I post a recent comment from hedge fund Brevan Howard in a letter to investors (who shorted Greek bonds last year). "We believe that the short trade in Greek and other Euro sovereign credits is extended, crowded, fully prices
the fundamentals and is exposed to a regulatory squeeze, as
occurred on short positions in financial stocks in 2008"
Good plan, shoot the messenger. Possibly you should aim a bit higher up. Fitch. If you don't like the news, don't read it.
And then there are those of us who are thankful for zerohedge as it gives us needed info we cant get anywhere else.
THANK YOU ZERO HEDGE
I have turned so many people on to Zerohedge who have turned more people on to Zerohedge.
I say let the truth be known, in a world full of manipulated numbers and facts, I can always return here and find some truth.
Again, Thank You.
I find it odd that John Paulson is tag teaming Greece with Goldman Sachs? I thought sub prime was an isolated incident with John Paulson being the only lone ranger/hedge fund to be in the winners circle with Goldman.
With this new development in Greece, it seems as they might have been colluding togther in the US on the sub prime trade. Why ? So Goldman wouldn't have to disclose a 7 - 10 billion profit on subprime. Diversify the loot so it isn't as obvious.
That's why Goldman sold large chunks of AIG to those french and german banks.

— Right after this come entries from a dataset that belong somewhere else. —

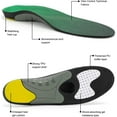 (210+lbs) Walkomfy Heavy Duty Support Plantar Fasciitis Insoles Arch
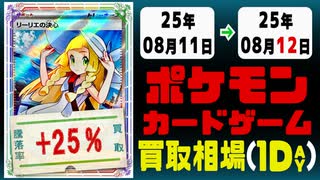 ポケカ 買取相場《31枚/1日》｜08月11日～08月12日 ＜20円以上騰落＞ #ポケモンカードゲーム #メガブレイブ #メガシンフォニア #ロケット団の栄光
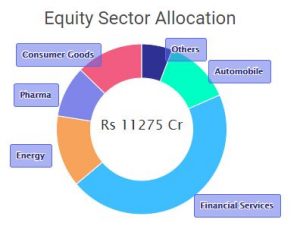 Top 10 High-Growth Mutual Funds: Doubled Your Investment in 5 Years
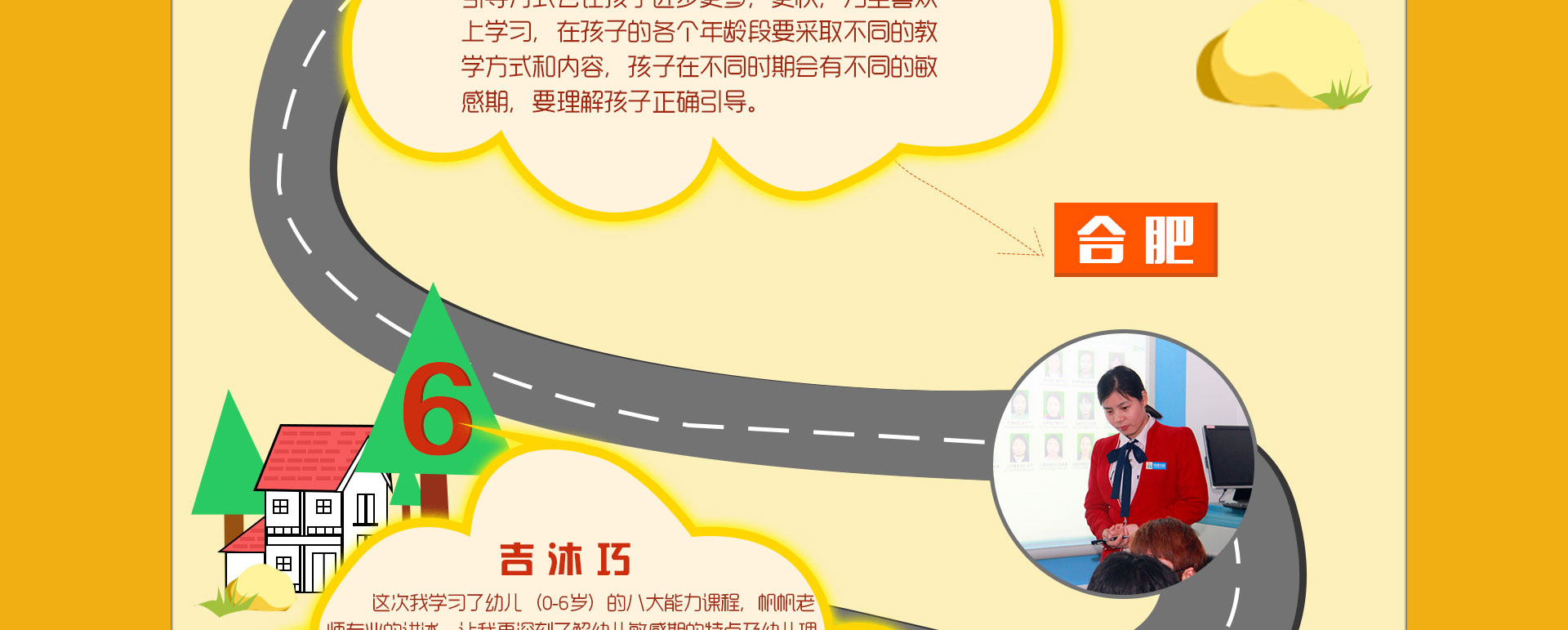 右脑讲师培训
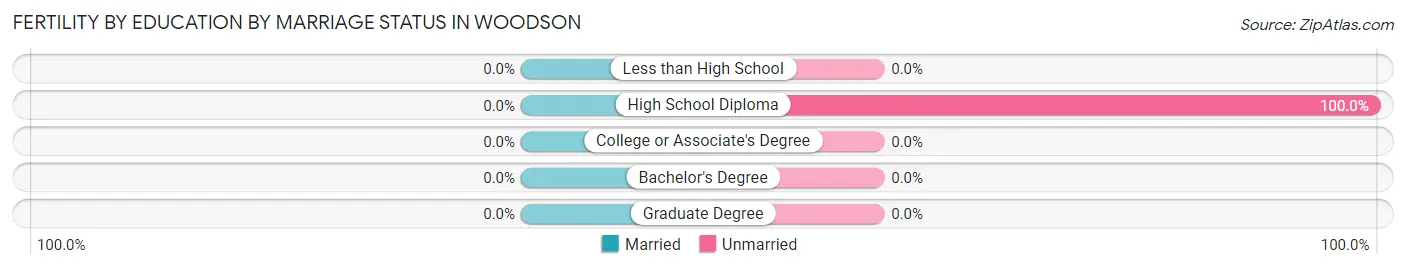 Female Fertility by Education by Marriage Status in Woodson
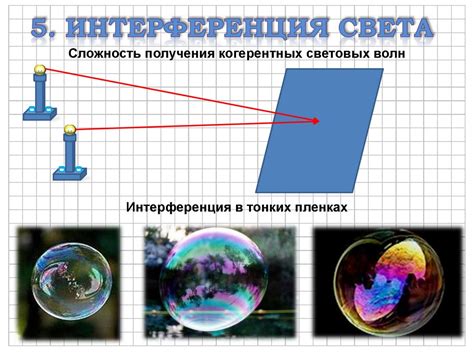 Применение эллиптического света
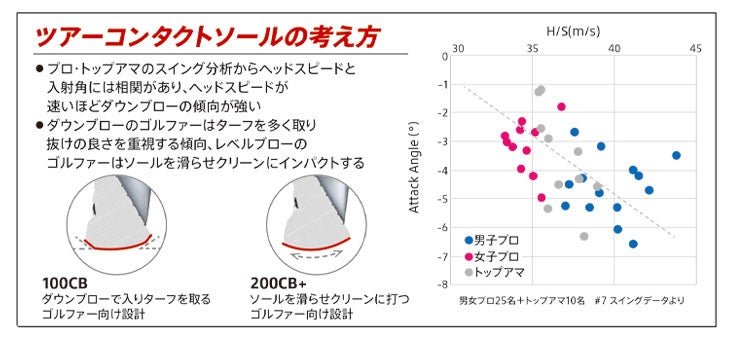 ブリヂストンゴルフ221CBアイアンN.S.Proモーダス3Tour105シャフト#5～Pw(6本組)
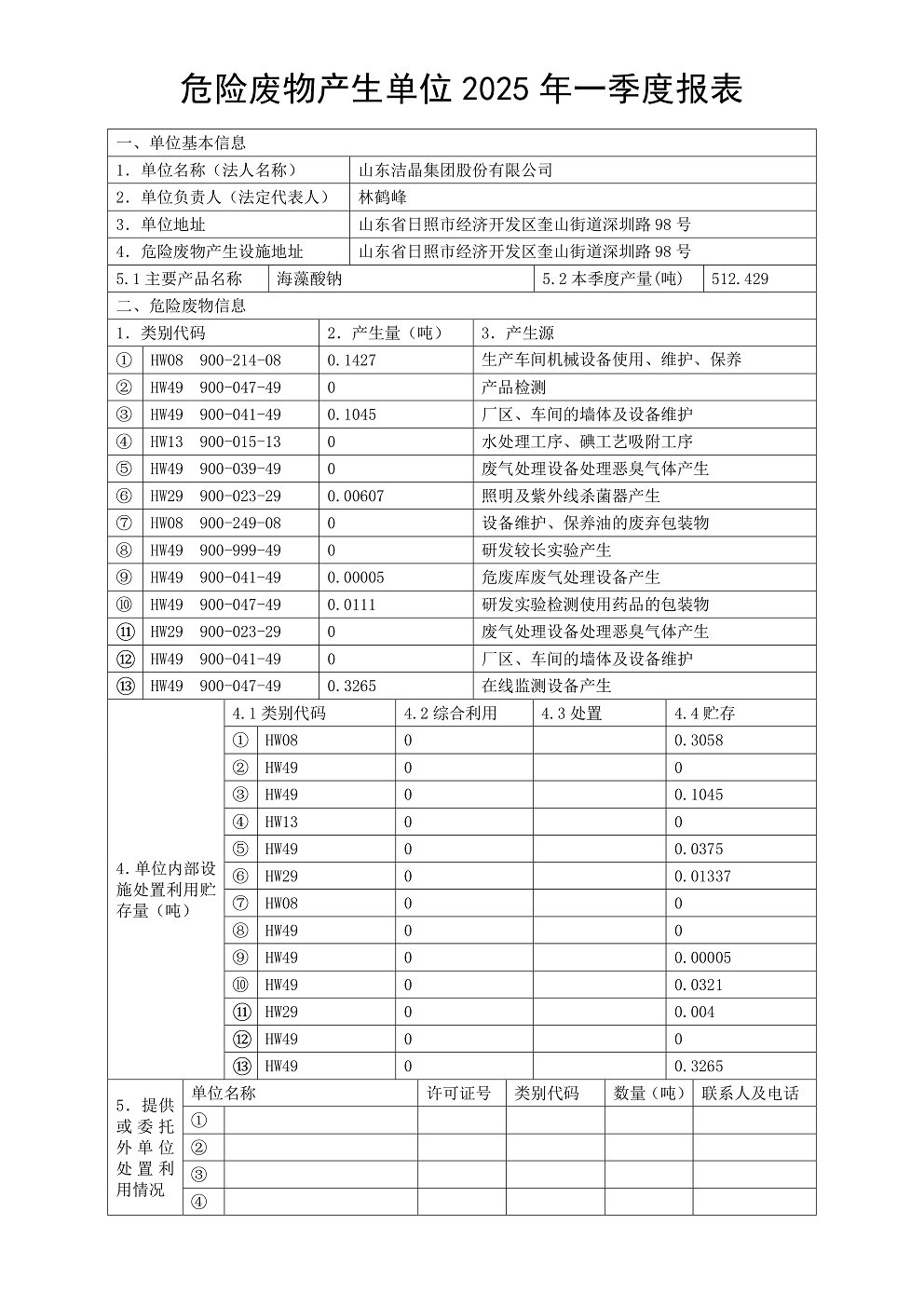 危险废物产生单位2025年一季度报表01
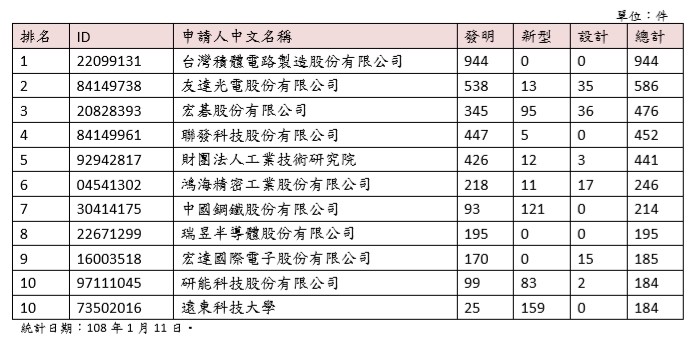 智慧局公布去年專利申請王,台積電連續三年稱霸本國第一,外國法人則由高通擠下阿里巴巴奪冠。(翻攝智慧局)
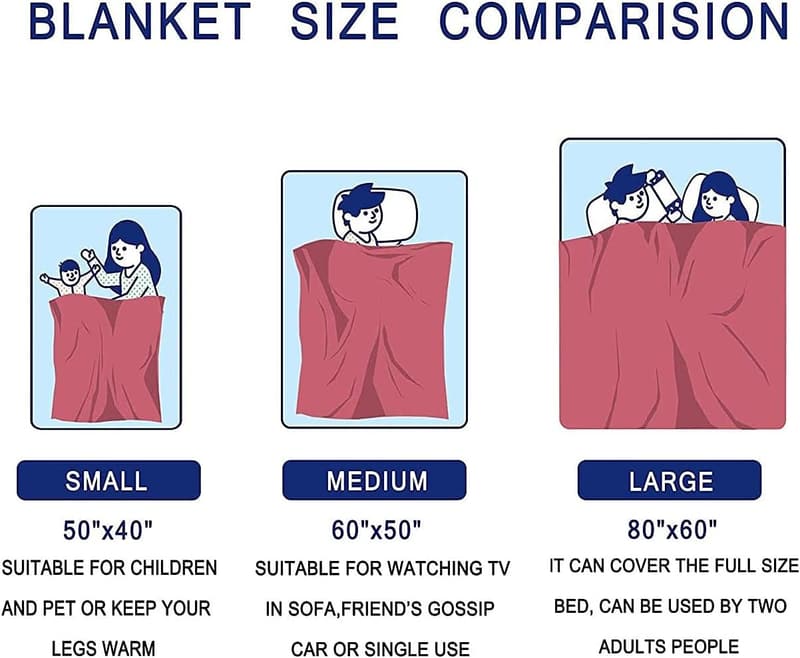 Anniversary Blanket for Girlfriend - 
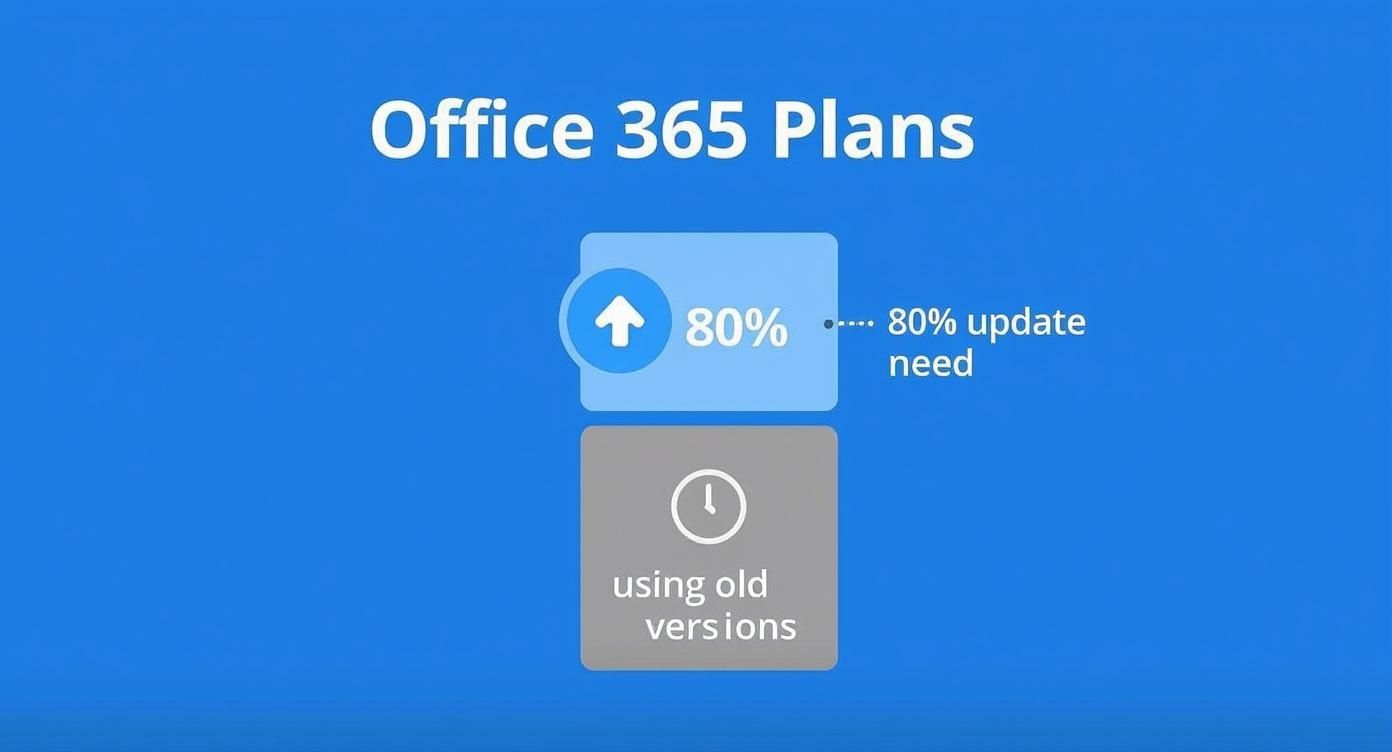 Infografik über den Update-Bedarf und die Nutzung alter Versionen bei Office-Paketen in KMU.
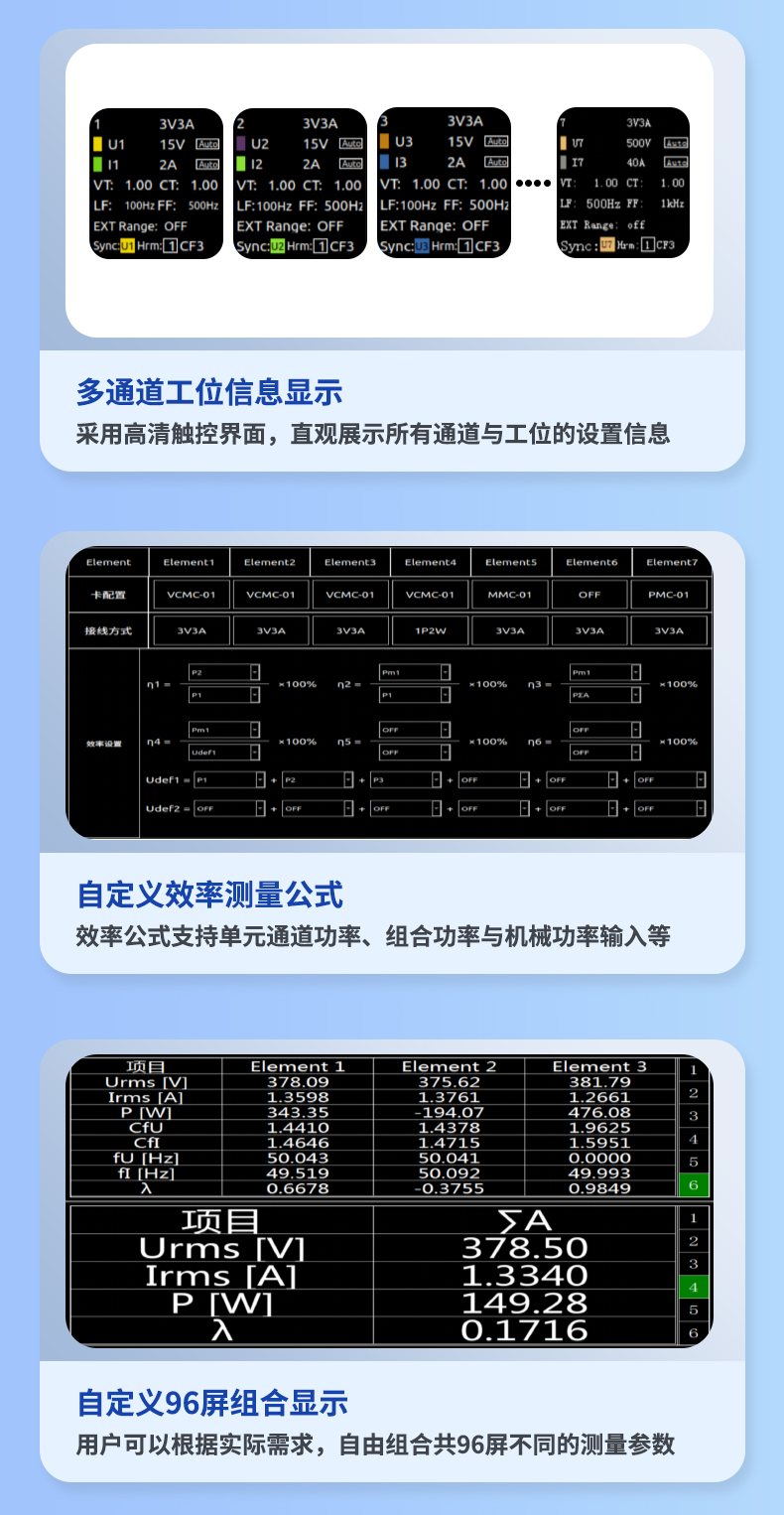 威格新品-多通道，多功能、高精度功率分析儀VG3000系列 廠家直銷 質(zhì)量保障插圖8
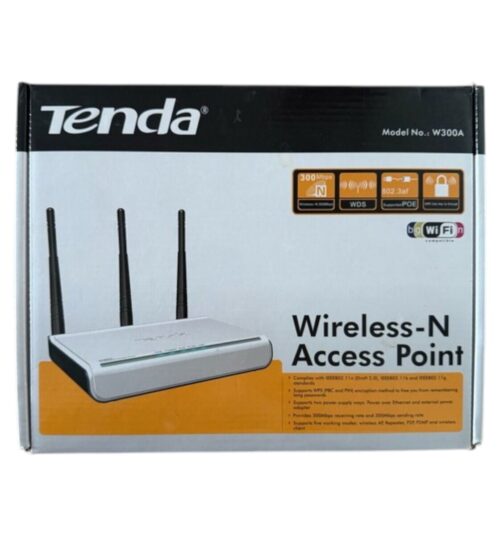 Tenda Accesspoint Lan Gg Ant 11n Wl W300a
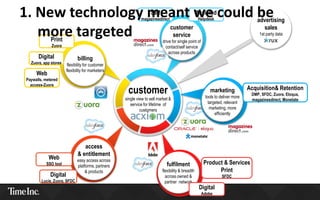 customer
single view to sell market &
service for lifetime of
customers
fulfilment
flexibility & breadth
across owned &
partner network
Product & Services
Print
SFDC
Digital
Adobe
billing
flexibility for customer
flexibility for marketers
Print
Zuora
Digital
Zuora, app stores
Web
Paywalls, metered
access-Zuora
advertising
sales
1st party data
customer
service
drive for single point of
contact/self service
across products
Assisted
Helpdesk
Self
magazinesdirect
marketing
tools to deliver more
targeted, relevant
marketing, more
efficiently
Acquisition& Retention
DMP, SFDC, Zuora, Eloqua,
magazinesdirect, Monetate
Web
SSO tool
Digital
Lucie, Zuora, SFDC
access
& entitlement
easy access across
platforms, partners
& products
1. New technology meant we could be
more targeted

SO it wasn't obvious that Goldman was the largest counter party / there fore largest benifit to gain.
I imagine alot of the rise in their stock price has simply been schemes of Goldman plowing back in it's own illiciet profits into their stock price.
Good Day
I was told many years ago there is a war coming between the USD and EURO this war was going to be over world currency dominance. As you can see this game appears to be on, but who will win.......?????
Et tu, Soros?
As the world turns, the Fed has failed auctions. Kool-aid anybody?